今朝の朝日新聞
「NHKは、地上波と衛星放送を視聴できる世帯が対象で受信契約の半数超を占める「衛星契約」の受信料を、来年10月にも1割程度値下げする方向で最終調整に入った。最高意思決定機関の経営委員会と詰めの調整を進めている。」
そもそもから
「受信料とはなにか?」
戦前は、無線電信法という当時の法律によって、電報や電話などの公衆電信や放送の運用・番組内容について規定し、放送事業を大日本帝国政府の一元的管理統制の下に置くと共に、ラジオ放送を社団法人日本放送協会に独占させ、管理統制していた。財源として聴取料を徴収していた。(国営放送)
戦後も聴取料の徴収は続けられたが、
GHQにより、放送制度の民主化が進められ、
民間企業による放送事業参入が認められるようになったと同時に、
日本放送協会は「特殊法人」に変わり、放送事業を行っていくことに。(国営放送から公共放送へ)

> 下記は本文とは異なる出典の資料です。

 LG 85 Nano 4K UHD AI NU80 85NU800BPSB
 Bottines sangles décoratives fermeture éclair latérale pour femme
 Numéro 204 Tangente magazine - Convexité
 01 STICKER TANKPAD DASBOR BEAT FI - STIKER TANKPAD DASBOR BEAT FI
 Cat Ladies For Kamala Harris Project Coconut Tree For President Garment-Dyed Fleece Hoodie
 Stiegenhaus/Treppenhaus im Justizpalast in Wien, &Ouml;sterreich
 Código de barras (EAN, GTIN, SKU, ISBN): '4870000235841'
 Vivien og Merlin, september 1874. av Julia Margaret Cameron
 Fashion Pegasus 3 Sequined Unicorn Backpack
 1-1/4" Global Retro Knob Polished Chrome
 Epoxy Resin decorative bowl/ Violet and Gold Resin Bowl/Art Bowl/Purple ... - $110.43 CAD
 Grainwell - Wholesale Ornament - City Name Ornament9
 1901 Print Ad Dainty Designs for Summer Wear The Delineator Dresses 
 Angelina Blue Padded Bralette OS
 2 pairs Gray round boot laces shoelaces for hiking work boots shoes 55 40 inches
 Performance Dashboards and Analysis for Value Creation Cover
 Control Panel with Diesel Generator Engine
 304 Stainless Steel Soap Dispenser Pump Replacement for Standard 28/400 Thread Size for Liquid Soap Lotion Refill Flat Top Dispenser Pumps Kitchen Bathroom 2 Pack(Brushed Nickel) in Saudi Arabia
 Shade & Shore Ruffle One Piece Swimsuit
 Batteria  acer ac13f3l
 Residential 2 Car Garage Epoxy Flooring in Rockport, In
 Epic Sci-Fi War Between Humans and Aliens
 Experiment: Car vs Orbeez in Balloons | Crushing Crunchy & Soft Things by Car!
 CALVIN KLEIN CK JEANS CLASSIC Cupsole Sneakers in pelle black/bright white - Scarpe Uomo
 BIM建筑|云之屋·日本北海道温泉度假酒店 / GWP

この際、政府や企業などの圧力に屈さないよう、いかなる組織にも依存する体制をなくす必要があるとのことから、
放送の視聴者よりその料金を徴収する「受信料制度」が誕生した。(財源の公共負担)
これが現在の受信料。
つまり
放送局にかかる「不法な圧力」から「言論報道の自由」を
守るため、視聴者の「財源負担」で運営しようという
考え方。
世界でも例を見ない制度(と僕は思う)
そして今
受信料は、沖縄を除き
口座 クレジット払いで 衛星契約が¥2230
地上契約が¥1260
このうち「衛星契約」を来年10月から一割値下げするということらしい。
この額が高いと考える人も、
妥当と考える人もいて、さまざまだ。
現在のNHKは受信料が唯一の財源(政見放送と国際放送以外)
であり、この財源で、放送番組の制作費や職員の人件費を
賄っている。それ以外に収入はない。
心配は
受信料値下げは、制作費や人件費の削減につながる可能性があるということ。
番組制作費や人件費が少なくなり
「現場の人間」の気持ちが「荒れる」ことだ。
NHKの職員の給与が巷間「高い」と言われることが多いが、
元職員の実感としては決してそんなことはない。
特に同業他社(民放)と比べれば、いまだに格段に低いのだ。
若い頃我々職員は、せめて同業他社との格差を縮めてほしいといつも考えていたし、労働組合の要求にも、そうした文言が入ったこともあった。
これは未だに叶えられていない。
スポンサーからの収入による民放と
公共負担の受信料という「財源の差」もあり、
難しいのだろうと思う。
そして「番組制作費」
これについても「NHKは多額の制作費を使っている。」
といわれているが、
民放のように、ほとんどの番組を、下請けプロに安い費用で作らせるという手法を用いるわけにもいかないから、
それほど安く上げることは不可能である。
それでも我が後輩たちは、現場でできる限りの「努力」をして「効率化」に取り組んでいる。
例えば
高くつく海外出張でも
今やアメリカ二泊三日ロケなんか当たり前らしい⁉️
二日かかるロケを一日でやり、一週間かかる編集も2、3日で上げるような状況が平気になっている。
「働き方改革」の名の下に、
労働時間を縮めて仕事の集約化も同時にすすめられている。
すでにかなり「荒れた」現場になっているかもしれない。
そのせいにしたくないが、先日来の「過労死」頻発も
こうした背景もあるという人もいる。
視聴者の皆さんも、、NHKの経営も
こうした現状を、しっかり踏まえて
「値下げ」に踏み切ってもらいたい。